Totally agree with @thesteve0.

Systems based on machine learning techniques are composed of two kind of software: a virtual machine (with a specific architecture) that basically maps vectors to vectors, and a set of “weights” matrices that constitutes the software executed by such virtual machine (the “AI model”).

The source code of the virtual machine can be open source, so that given the proper compiler, we can create an exact copy of such software.

In the same way, the software executed by the virtual machine (usually referred to as “the AI model”) is encoded in a binary form that the specific machine can directly execute (the weight matrices). The source code of such binary is composed of all the data required to recreate an exact copy of the binary (the weights).
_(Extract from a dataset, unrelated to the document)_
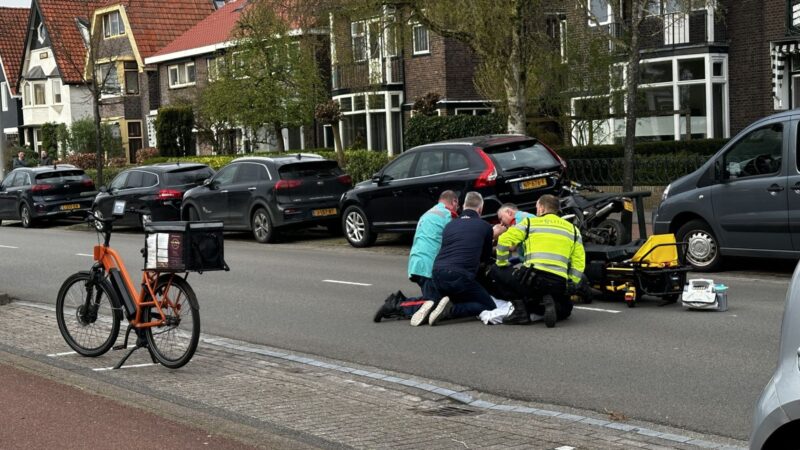 Bromfietsster gewond na ongeval in Leeuwarden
Such data include the full dataset used but also any random seed or input used during the process, such as, for example, the initial random value used to initialize an artificial neural network.
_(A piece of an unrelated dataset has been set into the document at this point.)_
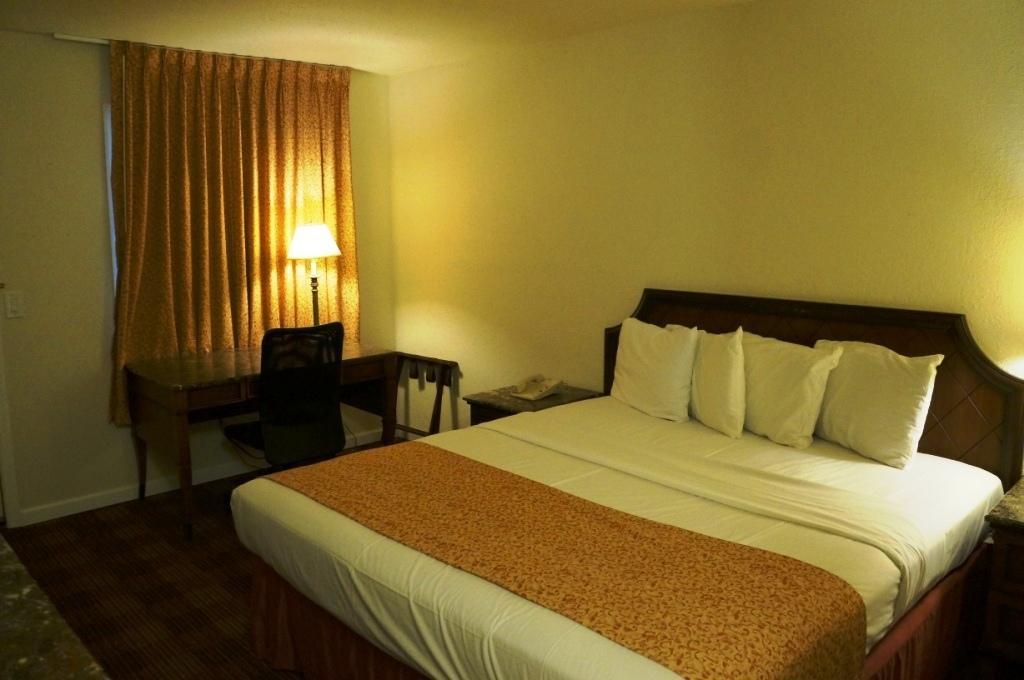 Waterford Inn エクステリア 写真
Even if the weights are handy to modify an AI system, they are in no way enough to study it.

So, any system that does not provide the whole dataset required to recreate an exact copy of the model, cannot be defined open source.

Note that in a age of supply chain attacks that leverage opensource, the right to study the system also has a huge practical security value as arXiv:2204.06974 showed that you can plant undetectable backdoors in machine learning models.
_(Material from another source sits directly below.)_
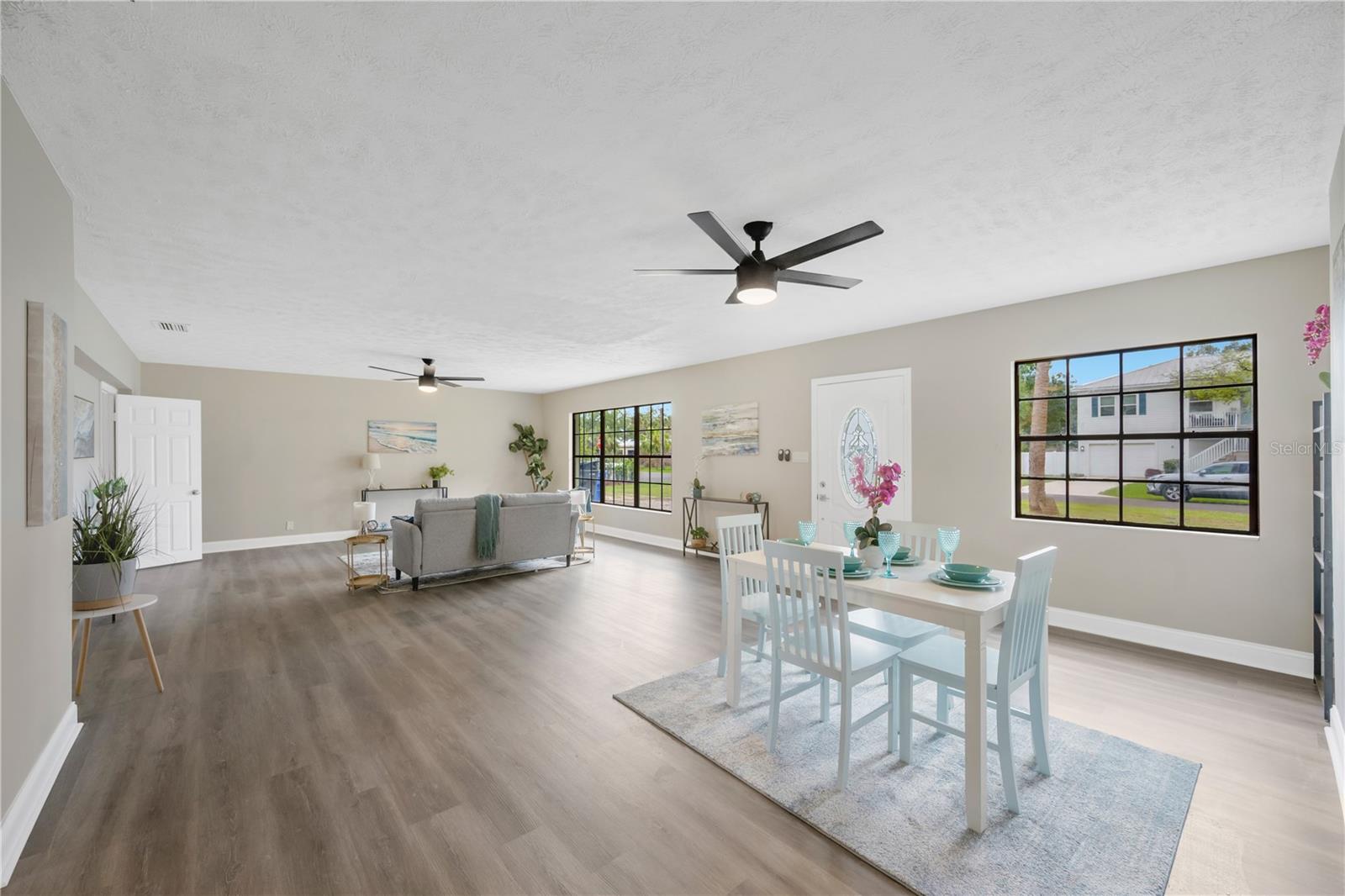 Image 5 of 37 For 7502 Lone Star Place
Thus I suggest to modify the definition so that

Data information: Sufficiently detailed information about all the data used to train the system (including any random value used during the process), so that a skilled person can recreate an exact copy of the system using the same data. Data information shall be made available with licenses that comply with the Open Source Definition.

Being able to build a “substantially equivalent” system means not being able to build that system, but a different one. It would be like defining Google Chrome as “open source” just because we have access to Chromium source code.

When its training data cannot legally be shared, an AI system cannot be defined as “open source” even if all the other components comply with the open source definition, because you cannot study that system, but only the components available under the os license.

Such a system can be valuable, but not open source, even if the weights are available under a OSD compliant license, because they encode an opaque binary for a specific architecture, not source code.

Lets properly call such models and systems “freeware” and build a definition of OpenSource AI that is coherent with the OpenSource one.